Now that Disney owns Lucasfilm and has J.J. Abrams making a new Star Wars film a lot of people have been, I think, optimistic, because they're bringing back the original cast and because Abrams' Star Trek films show that he has a greater aptitude for space-opera action than he does for insightful sci-fi. But now the teaser is out and everyone's carrying on like it's the Second Coming. Beyond the fact that all we saw was some desert, some stormtroopers, some X-Wings and a new silly lightsaber design, all fairly calculated signifiers of what "Star Wars" is in the popular unconscious, it's ridiculous the amount of anticipation this has generated. I wish to interrogate this in the style of a hypothetical conversation with someone who is getting really hyped about this project.
WOW OMG STAR WARS THE FORCE AWAKENS LIGHTSABER HNNNGH
Frankly, I thought it just looked like a collection of random postmodern signifiers of what people think Star Wars is: a silly hovering vehicle, the desert, a funny droid, stormtroopers, X-Wings and the Millennium Falcon. All that tells me is that the people making this are trying to cash in on people's nostalgia and expectations rather than trying to make a good film.
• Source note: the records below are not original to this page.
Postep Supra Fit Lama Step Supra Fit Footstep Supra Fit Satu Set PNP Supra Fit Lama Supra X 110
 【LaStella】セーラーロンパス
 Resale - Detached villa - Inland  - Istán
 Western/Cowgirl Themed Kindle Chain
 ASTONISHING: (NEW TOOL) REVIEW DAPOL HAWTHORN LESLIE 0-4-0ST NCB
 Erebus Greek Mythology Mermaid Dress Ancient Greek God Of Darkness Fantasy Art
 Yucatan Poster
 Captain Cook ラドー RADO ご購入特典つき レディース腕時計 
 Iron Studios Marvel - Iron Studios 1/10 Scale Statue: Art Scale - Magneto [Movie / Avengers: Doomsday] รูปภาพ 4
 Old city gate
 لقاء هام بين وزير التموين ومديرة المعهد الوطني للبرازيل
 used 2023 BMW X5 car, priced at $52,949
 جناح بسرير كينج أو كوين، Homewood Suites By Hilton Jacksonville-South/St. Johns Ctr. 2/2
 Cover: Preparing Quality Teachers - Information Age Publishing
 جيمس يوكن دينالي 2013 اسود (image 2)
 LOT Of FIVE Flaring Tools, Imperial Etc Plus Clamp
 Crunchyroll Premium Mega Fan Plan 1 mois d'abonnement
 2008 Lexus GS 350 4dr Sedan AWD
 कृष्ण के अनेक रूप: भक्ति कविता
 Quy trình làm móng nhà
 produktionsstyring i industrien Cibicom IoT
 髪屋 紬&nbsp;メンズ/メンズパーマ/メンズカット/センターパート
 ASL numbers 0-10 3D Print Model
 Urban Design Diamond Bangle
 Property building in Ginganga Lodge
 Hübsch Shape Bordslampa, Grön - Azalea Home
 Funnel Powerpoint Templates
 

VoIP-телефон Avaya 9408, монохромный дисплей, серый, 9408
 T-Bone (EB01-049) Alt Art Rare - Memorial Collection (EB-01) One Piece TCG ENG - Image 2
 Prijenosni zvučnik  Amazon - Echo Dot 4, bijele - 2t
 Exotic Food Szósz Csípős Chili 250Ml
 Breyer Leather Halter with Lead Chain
BUT MILLENNIUM FALCON ORIGINAL TRILOGY
So because you see a bunch of digital recreations of stuff from thirty years ago, that makes you excited? Why?
YOU'RE JUST A HATER YOU WANT JAR JAR TO BE THE LAST THING EVER
True, I'm no great Star Wars fan. But I'd be curious to know how big a Star Wars fan you are as well. And if you are such a big fan, why do you care about new films made by someone else? Sure, some of the actors are the same, and George Lucas had a little involvement, but do you get this excited about fan fiction? These are sequels, they're not the same thing. They could be crap for all you know - unless of course you convince yourself that they're not crap before you even see it, which is no different to, say, writing it off as garbage before you even see it (as I'm doing). The original films were successful for their engagement with theory (especially Campbell's Monomyth) and their technical achievements. By the Prequels, that wasn't possible anymore. Bringing back Hamill, Ford and Fisher isn't going to change that.
IT'LL BE ENTERTAINING YOU HATE ENTERTAINMENT HIPSTER
As I've discussed elsewhere surely 'entertainment' means different things to different people. Besides, as I said in my article on the Avengers 2 teaser, there's nothing noble or admirable about wanting 'just entertainment,' about not wanting to think. These corporations want you to not think so that you'll give them more money. Hollywood is about profit, and profit is about the bottom line: what's the least we can do to make the most? And if that means tricking people into seeing a 'continuation of the beloved original films' by using a bunch of meaningless signifiers (like the original cast) then that's what they'll do. You're not a hero for wanting to shut off your brain. That's a fatuous declaration that you want greedy businesses, who, and I must emphasise this, do not know or care about you at all, to manipulate you, exploit you and treat you with utter contempt in return for a few charlatan tricks to make you think you're consuming something you aren't.
Hollywood is the McDonald's of culture. Sure, the film might be good. I doubt it very, very much, but it might be. But as I said with Avengers, these films are pieces of product, and they don't deserve your enthusiasm. Or maybe I'm just a curmudgeon with a chip on his shoulder. But I still think you ought to calm down, show a little self-respect and not give these people exactly what they want.